Um dos meus problemas é que me espanto com demasiada facilidade. Na internet, então, pareço um puto no Bazar Paris (nem sei se ainda existe) que arregala os olhos a cada momento com a quantidade e a qualidade de artigos, estudos, fotos, filmes, com maior ou menor profundidade, com maior ou menor sabedoria. No princípio, nem conseguia sequer separar o trigo do joio. Com os blogues, então - que demonstram a imensa qualidade de muitas pessoas que desconhecemos, principalmente quando as comparamos com muitas daqueles que vemos nas televisões - lia tudo o que apanhava, cortava e colava, coleccionava, acumulando textos que nunca teria tempo para ler na íntegra, repetindo aquilo que fizera toda a minha vida com livros e música. Desde que me lembro que tenho livros reservados para ler na velhice e música para ouvir num tempo que nunca chegará.

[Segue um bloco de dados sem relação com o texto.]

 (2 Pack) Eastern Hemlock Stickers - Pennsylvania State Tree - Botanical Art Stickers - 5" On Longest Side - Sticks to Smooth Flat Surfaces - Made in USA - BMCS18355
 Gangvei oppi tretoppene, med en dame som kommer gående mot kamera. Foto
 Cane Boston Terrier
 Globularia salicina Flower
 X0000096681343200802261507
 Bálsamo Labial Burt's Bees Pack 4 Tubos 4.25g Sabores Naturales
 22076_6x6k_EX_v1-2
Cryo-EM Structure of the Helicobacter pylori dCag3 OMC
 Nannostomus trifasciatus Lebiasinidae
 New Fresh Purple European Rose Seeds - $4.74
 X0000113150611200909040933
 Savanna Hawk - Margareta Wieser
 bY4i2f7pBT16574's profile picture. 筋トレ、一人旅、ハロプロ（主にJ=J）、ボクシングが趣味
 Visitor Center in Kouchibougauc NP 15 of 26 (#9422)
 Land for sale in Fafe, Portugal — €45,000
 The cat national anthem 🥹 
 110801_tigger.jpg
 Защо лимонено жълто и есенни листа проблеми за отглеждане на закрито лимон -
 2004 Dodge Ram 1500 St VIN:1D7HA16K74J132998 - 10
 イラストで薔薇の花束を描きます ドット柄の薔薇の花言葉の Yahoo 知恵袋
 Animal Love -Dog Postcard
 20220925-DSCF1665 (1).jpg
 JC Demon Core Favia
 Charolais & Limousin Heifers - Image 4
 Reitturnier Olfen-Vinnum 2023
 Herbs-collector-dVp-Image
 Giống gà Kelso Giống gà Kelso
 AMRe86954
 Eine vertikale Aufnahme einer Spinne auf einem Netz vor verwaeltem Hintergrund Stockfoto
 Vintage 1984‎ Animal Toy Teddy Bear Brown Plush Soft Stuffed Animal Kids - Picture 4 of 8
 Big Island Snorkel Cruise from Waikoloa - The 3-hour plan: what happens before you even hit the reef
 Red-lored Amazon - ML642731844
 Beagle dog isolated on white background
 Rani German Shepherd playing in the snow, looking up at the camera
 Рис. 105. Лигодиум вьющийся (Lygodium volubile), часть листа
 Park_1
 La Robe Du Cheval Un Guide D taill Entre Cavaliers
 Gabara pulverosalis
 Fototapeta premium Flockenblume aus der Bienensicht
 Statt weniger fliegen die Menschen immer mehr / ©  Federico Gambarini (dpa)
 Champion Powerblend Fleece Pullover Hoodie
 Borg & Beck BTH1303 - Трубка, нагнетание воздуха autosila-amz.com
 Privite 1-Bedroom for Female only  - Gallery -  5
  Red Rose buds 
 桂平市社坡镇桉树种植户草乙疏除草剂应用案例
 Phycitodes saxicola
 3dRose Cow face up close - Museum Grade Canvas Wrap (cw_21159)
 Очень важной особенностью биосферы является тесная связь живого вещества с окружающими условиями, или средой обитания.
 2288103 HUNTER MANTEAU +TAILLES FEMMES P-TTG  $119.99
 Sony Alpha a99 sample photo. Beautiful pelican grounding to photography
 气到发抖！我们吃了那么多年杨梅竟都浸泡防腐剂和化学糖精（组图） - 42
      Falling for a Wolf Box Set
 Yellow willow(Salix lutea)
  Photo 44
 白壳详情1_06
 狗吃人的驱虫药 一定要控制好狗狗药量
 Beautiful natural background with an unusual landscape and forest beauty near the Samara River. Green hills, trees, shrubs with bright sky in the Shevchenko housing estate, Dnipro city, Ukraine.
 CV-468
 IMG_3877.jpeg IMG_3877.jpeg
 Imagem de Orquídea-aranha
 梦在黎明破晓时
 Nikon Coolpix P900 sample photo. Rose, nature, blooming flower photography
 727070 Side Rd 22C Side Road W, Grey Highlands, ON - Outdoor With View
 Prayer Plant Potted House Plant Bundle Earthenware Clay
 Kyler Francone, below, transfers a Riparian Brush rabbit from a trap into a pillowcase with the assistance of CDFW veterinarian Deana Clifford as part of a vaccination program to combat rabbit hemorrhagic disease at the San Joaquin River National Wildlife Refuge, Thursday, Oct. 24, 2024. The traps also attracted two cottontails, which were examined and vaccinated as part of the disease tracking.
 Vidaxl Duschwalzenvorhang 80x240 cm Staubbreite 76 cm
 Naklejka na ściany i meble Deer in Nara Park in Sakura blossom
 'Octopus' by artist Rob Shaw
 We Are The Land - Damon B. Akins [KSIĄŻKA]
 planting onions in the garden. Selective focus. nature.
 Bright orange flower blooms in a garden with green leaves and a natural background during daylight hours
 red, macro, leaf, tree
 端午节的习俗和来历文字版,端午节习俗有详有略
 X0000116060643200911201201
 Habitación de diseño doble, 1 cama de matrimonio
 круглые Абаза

Apenas fui percebendo esta minha ânsia guardar coisas quando vi os miúdos das colónias a açambarcar a comida que nunca conseguirão comer. Apenas percebi esta vontade, quase indomável, de puxar tudo para mim, de guardar tudo, de açambarcar tudo, de encontrar como que uma garantia, uma segurança, em coisas que não me davam segurança nenhuma quando me revi, como se de um espelho se tratasse, naqueles putos traquinas, reguilas, que pedem uma borracha e um lápis mal chegam ao Centro ainda que saibam que não irão precisar deles, que olham para os iogurtes e as bolachas que estão a ser distribuídos temendo que não chegue para eles, ainda que nem sequer gostem dos seus sabores. É uma ânsia de ter, completamente desligada do usufruir.

Uma das coisas boas que Ramalde teve na minha vida foi que passei a entender-me melhor. E passaram a entender-me melhor, também. Porque estas coisas colam-se-nos à pele. Podemos controlá-las, podemos torneá-las, podemos - com sorte - até esquecê-las, fazer de conta que não existem, mas estão lá e saltam cá para fora quando menos se espera.